The government does not contend that the act penalizes a possession or a sale completed before the taking effect of the act, but it asserts that the act has full prospective operation, so that it is sufficient, to state an offense, merely to charge possession and sale on a date subsequent to the act. With this contention I cannot agree, for neither has Congress so enacted, nor could it. If construed to have the effect contended by the government, it is inconsistent and void, for, whatever might be said as to the power of Congress to make penal the possession and sale of birds rightfully owned and possessed before the enactment of the statute, if Congress had always had the power *421 to prohibit, but had merely never exercised it, the conclusion is inevitable that here Congress cannot so legislate, since it never had any general police power over migratory birds, but derived its whole power from the treaty. United States v. Selkirk (D. C.) 258 F. 775; U. S. v. Thompson (D. C.) 258 F. 257; United States v. Samples (D. C.) 258 F. 479.

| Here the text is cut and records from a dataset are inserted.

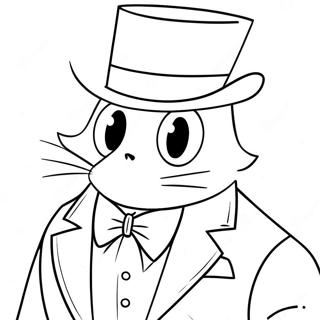 Pagina Para Colorir Do Tuxedo Sam 7684-6242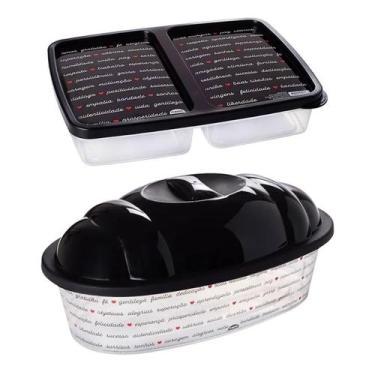 Imagem de Porta pão e porta presunto e queijo Plasútil CORAÇÕES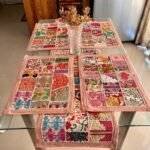 Artisanal Mosaic Table Runner and 4 Mats Set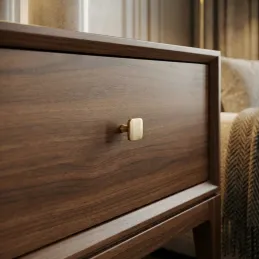 Úchytka knopka LANDRA / Zlatá brúsená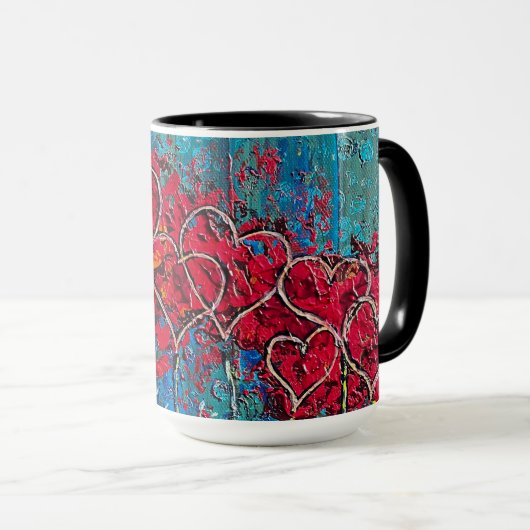 Coeur Mug (Devant droit)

It is the duty of a court to construe an act so as to sustain rather than to defeat it. In the light of this principle, the act must be construed as entirely prospective in its operation as to taking or killing birds, and so as not to convert into a penal act either the possession or the sale of a bird, or part of a bird, taken before its enactment. This being so, an information which fails to charge the gist of the offense, the taking of the bird, or part of it, after the enactment, is bad upon demurrer. United States v. Fuld Store Co. (D. C.) 262 F. 836.
Let an order be entered sustaining the demurrer, and giving the United States time within which to amend, in default of which the information will be dismissed.